A cada um destes Ndembu correspondia a uma regedoria, na organização administrativa colonial. Kitexi acolhia as localidades da Vila Viçosa, Vista Alegre e Kambamba, que na opinião de Arlindo de Sousa, um português que residiu nesta região até 1961, estas eram meras povoações comerciais.

A desanexação de Kitexi do Concelho de Ambaca e Ndanji do Concelho dos Ndembu, ambos integrantes do então distrito do Cuanza-Norte, foi forçada na sequência dos acontecimentos do 15 de Março. O objectivo era corrigir a distância de 300 quilómetros que separam Ndalatando a Kitexi em relação aos 40 da sede do Uíge a Kitexi. Para facilitar as manobras militares contra os insurgentes em Ndanji a Kitexi (Dange/Quitexe na ortografia portuguesa) foi então integrada na jurisdição do Uíge.

Testemunho de Joaquim Camacho *

15 de Março de 1961

Quando a guerra começou, em 1961, o regime de Salazar dava sinais de esgotamento, acompanhando a decrepitude do seu chefe. Salazar tinha, então, 72 anos e presidia ao governo havia trinta anos.

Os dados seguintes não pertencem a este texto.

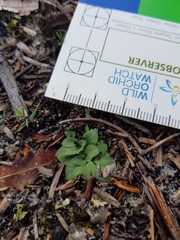 Pterostylis nigricans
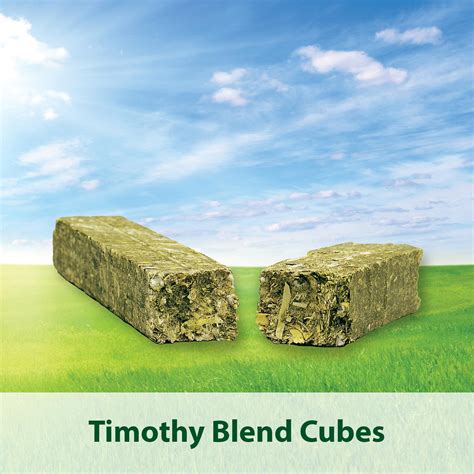 Kaytee Timothy Hay Cubes 1 Lb Bag Amazonca Pet Supplies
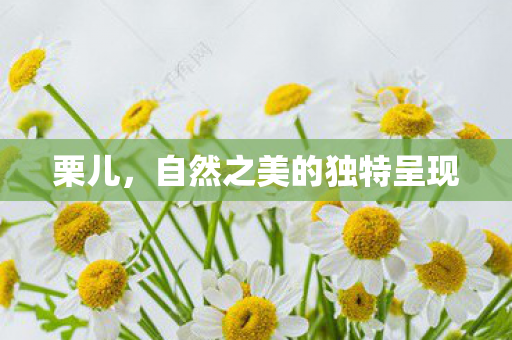 自然之美的独特呈现图片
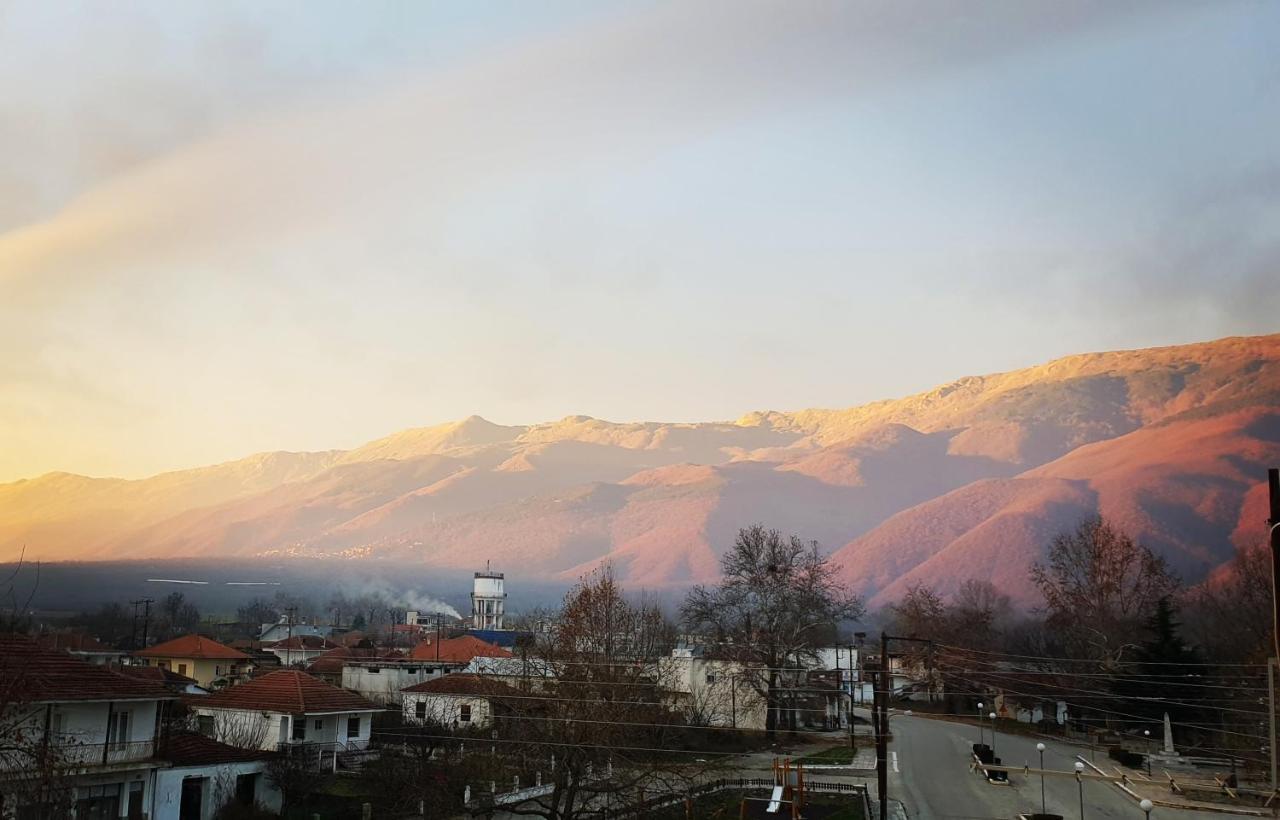 Apartment Skyview Kerkini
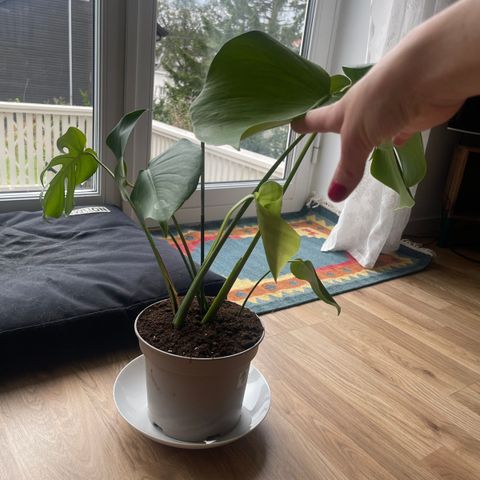 Monstera plante med 7 blader nettopp pottet om, ny jord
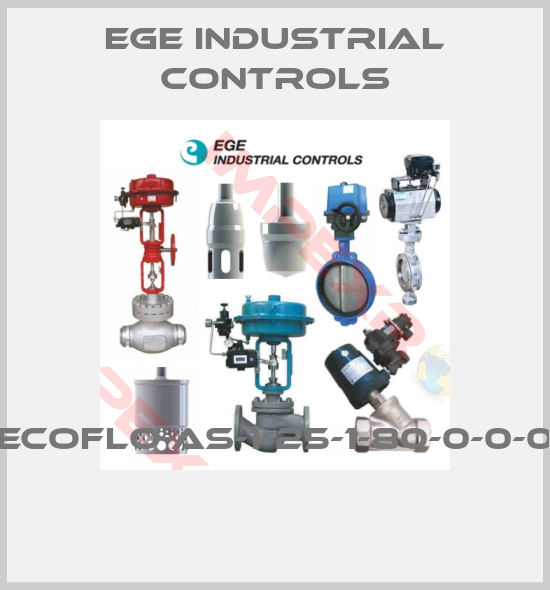EGE industrial controls-ECOFLO-AS-1-25-1-80-0-0-0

No início desse ano ocorrem conflitos já reveladores de que Portugal não ficaria imune aos “ventos da história”. O mal – estar vindo do Congo (antigo Zaire), que se tornara independente no ano anterior, atingiu em primeiro lugar a chamada Baixa de Cassange, no Norte de Angola, com a revolta dos trabalhadores e produtores de algodão da empresa Luso – belga Cotonang, por razões de ordem laboral e maus tratos, mas também já sob a influência do ambiente anti-colonial.

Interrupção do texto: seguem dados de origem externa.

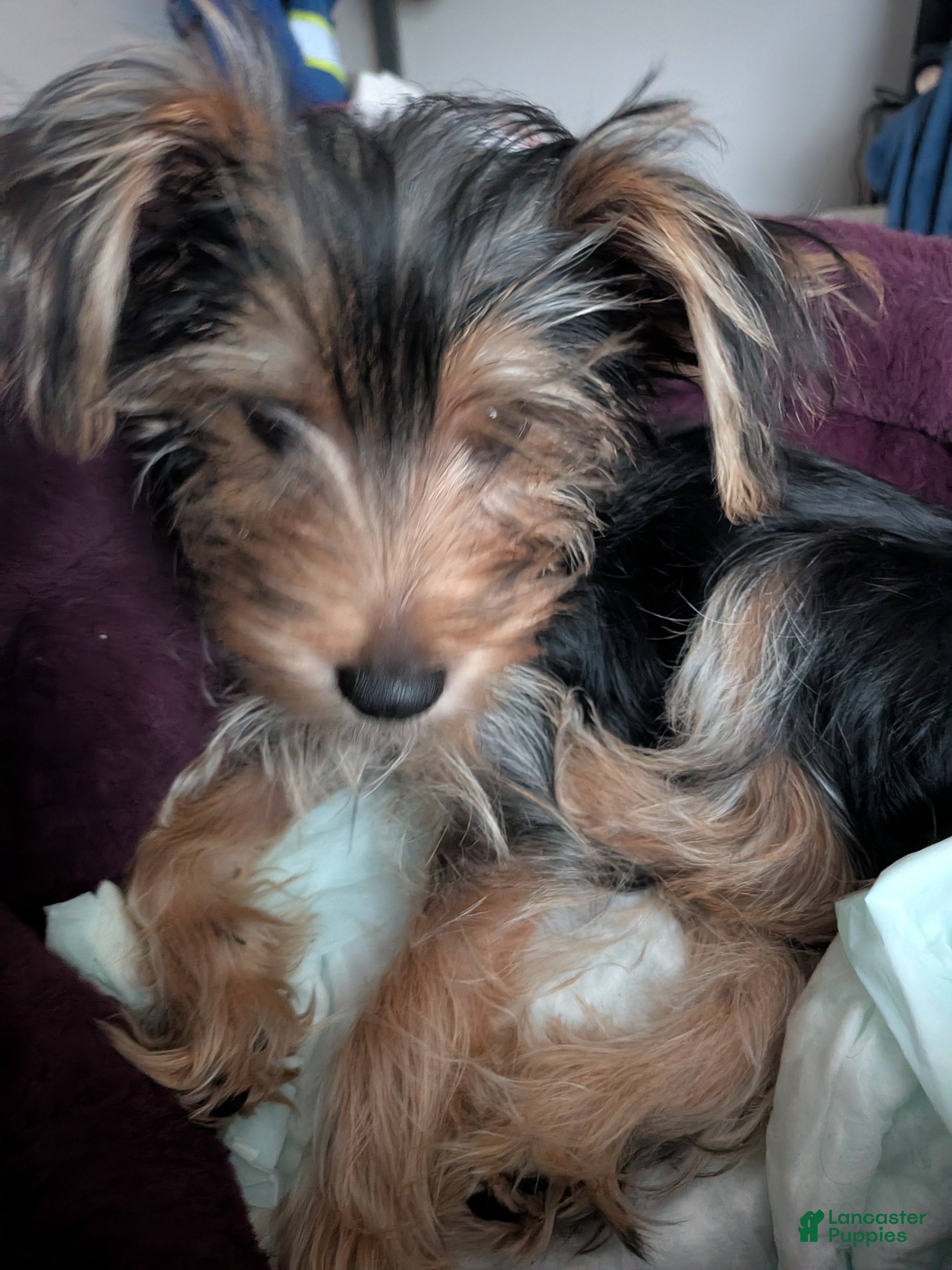 Yorkshire Terrier dogs Yorkshire Terrier 1 - Ad 34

Nos primeiros meses do ano, acompanhando as acções dos guerrilheiros da União dos Povos de Angola (UPA), militantes independentistas assaltaram as prisões de Luanda, o paquete Santa Maria foi tomado nas Antilhas por um comando de opositores ao regime de Salazar sob o comando de Henrique Galvão e, em Lisboa, uma conspiração sob a forma de pronunciamento militar, chefiada pelo ministro da Defesa, general Botelho Moniz, com suposto apoio americano, falhou a deposição de Salazar, mais por faltas cometidas pelos conspiradores do que pela força dos apoiantes do regime. Os acontecimentos de grande violência de 15 de Março de 1961 levados a cabo pela UPA no Norte de Angola, nos Dembos, Uíge e Cuanza-Norte, permitiram a Salazar mobilizar a sociedade portuguesa a seu favor e da sua política de defesa do chamado ultramar.

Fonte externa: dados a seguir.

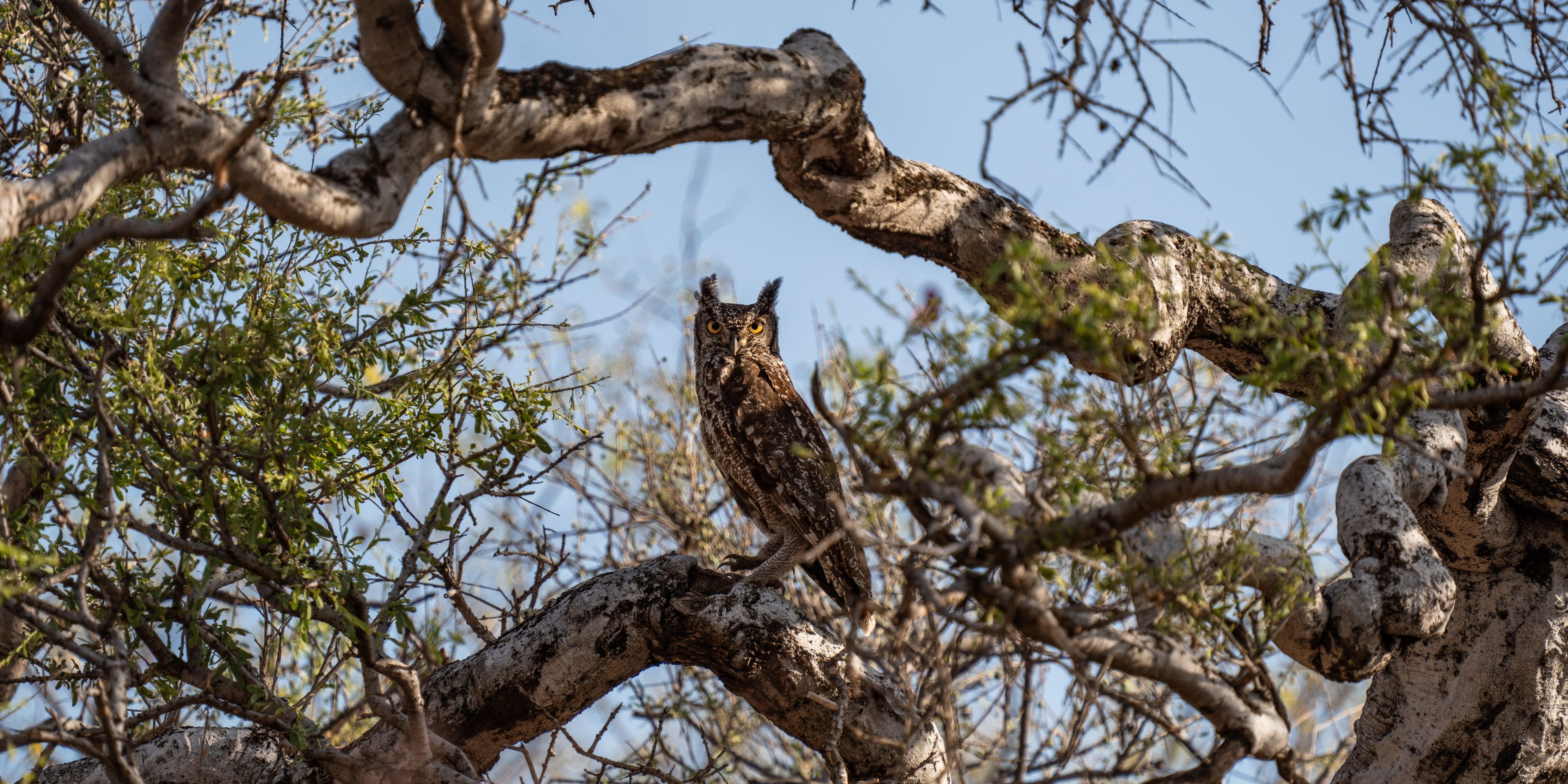 natucate-guide-course-south-africa-et-svenja-spotted-eagle-owl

A sociedade portuguesa uniu-se maioritariamente à volta do regime e do seu chefe, seguindo a proclamação “para Angola rapidamente e em força!” – excertos do discurso de Salazar proferido na ocasião. As operações de reconquista das áreas ocupadas pelos guerrilheiros da UPA, pelos contingentes militares portugueses mobilizados e transportados a partir de Maio foram bem sucedidas e, após violentos confrontos entre as partes, as forças portuguesas, com meios bélicos mais sofisticados, tomaram de assalto a emblemática povoação de Nambuagongo e da expulsão dos guerrilheiros da UPA da região da Pedra Verde, até então bastião e posto de comando dos homens da UPA.